Exact copies of the lines below, from the one with "Hello students, welcome" up to and including the one with "Hi everyone. In", are what this calls for; leave out pictures.

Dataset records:
[Start of section]

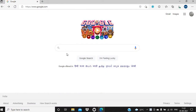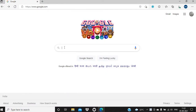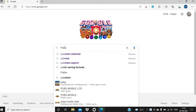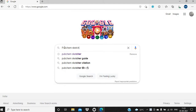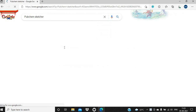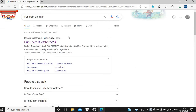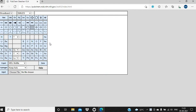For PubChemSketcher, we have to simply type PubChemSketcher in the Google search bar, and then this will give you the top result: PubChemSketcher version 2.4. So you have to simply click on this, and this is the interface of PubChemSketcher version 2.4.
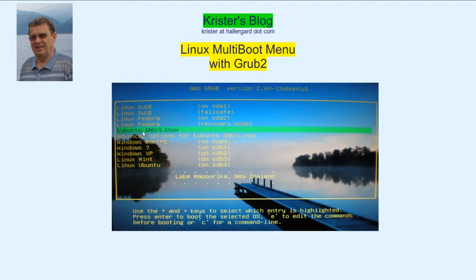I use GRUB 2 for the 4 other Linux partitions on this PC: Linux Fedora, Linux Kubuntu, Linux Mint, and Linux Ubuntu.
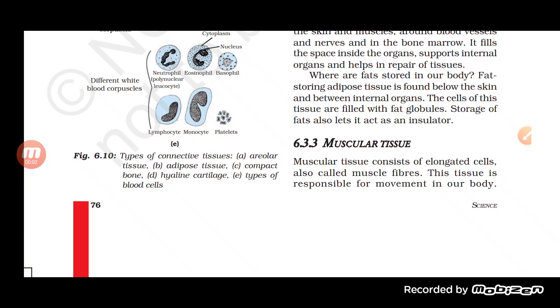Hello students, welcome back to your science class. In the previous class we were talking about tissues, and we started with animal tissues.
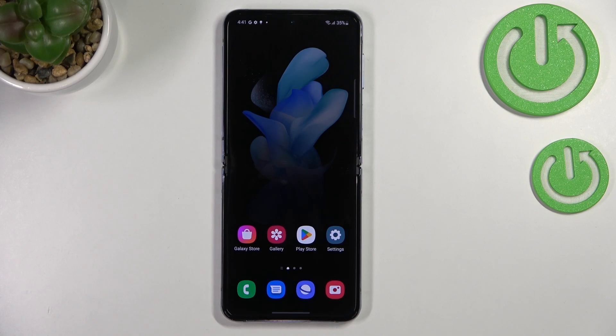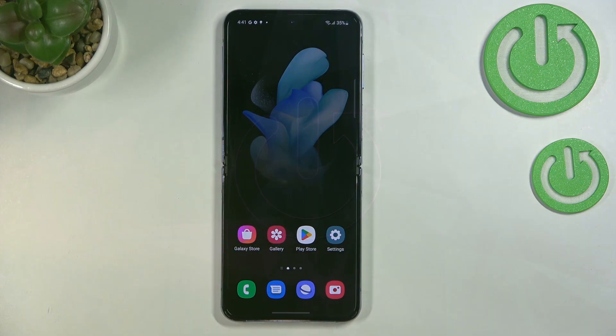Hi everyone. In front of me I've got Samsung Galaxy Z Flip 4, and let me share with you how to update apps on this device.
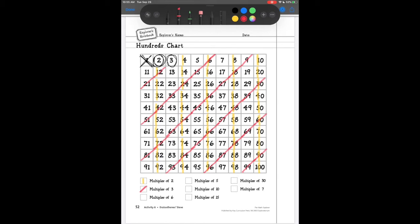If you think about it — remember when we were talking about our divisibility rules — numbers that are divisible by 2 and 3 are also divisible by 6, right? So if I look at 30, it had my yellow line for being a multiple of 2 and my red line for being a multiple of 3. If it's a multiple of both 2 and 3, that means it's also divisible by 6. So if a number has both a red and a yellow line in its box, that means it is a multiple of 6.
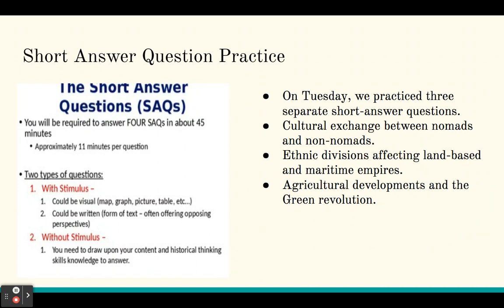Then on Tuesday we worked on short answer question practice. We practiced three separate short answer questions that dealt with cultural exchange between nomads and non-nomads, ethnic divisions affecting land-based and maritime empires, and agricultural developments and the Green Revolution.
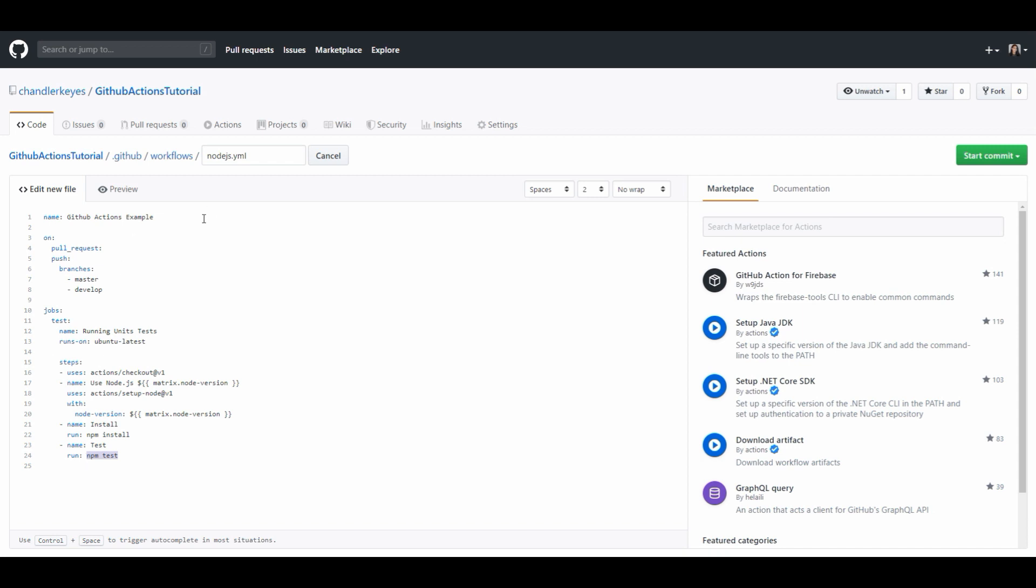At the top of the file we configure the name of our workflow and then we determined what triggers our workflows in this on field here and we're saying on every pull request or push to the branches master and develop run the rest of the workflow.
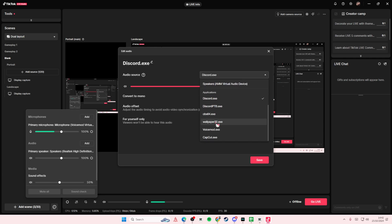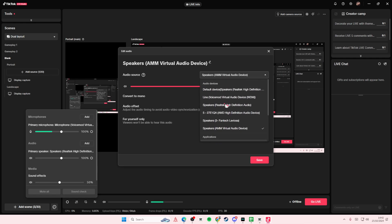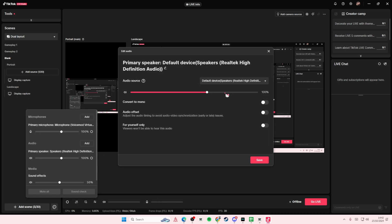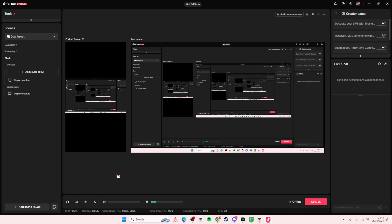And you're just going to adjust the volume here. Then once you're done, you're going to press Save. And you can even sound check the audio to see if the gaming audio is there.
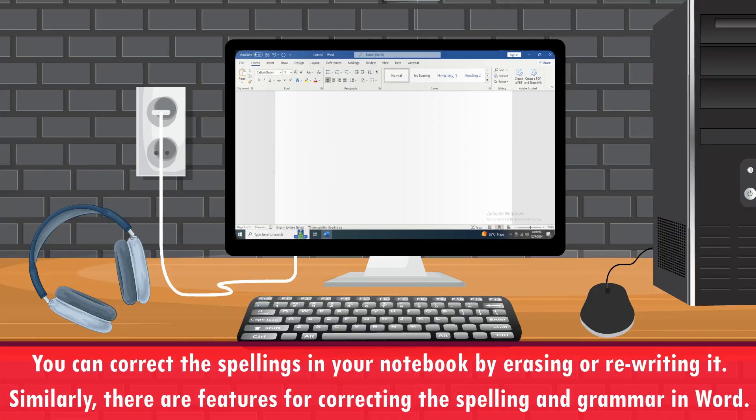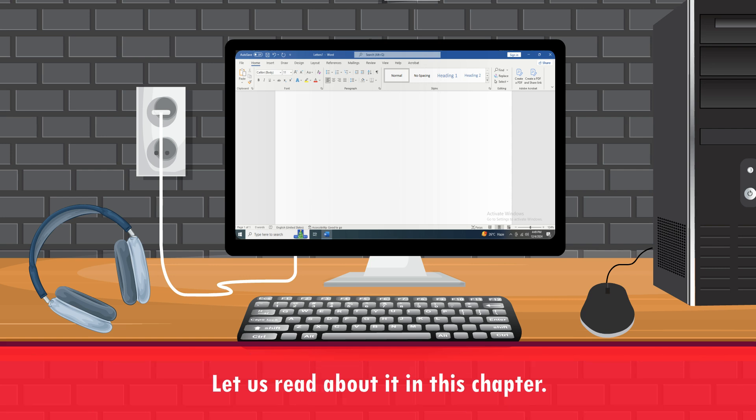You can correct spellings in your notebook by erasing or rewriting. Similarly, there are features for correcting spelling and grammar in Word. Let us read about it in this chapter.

[End of section]

> [Answer box]
Hello students, welcome back to your science class. In the previous class we were talking about tissues, and we started with animal tissues.
Hi everyone. In front of me I've got Samsung Galaxy Z Flip 4, and let me share with you how to update apps on this device.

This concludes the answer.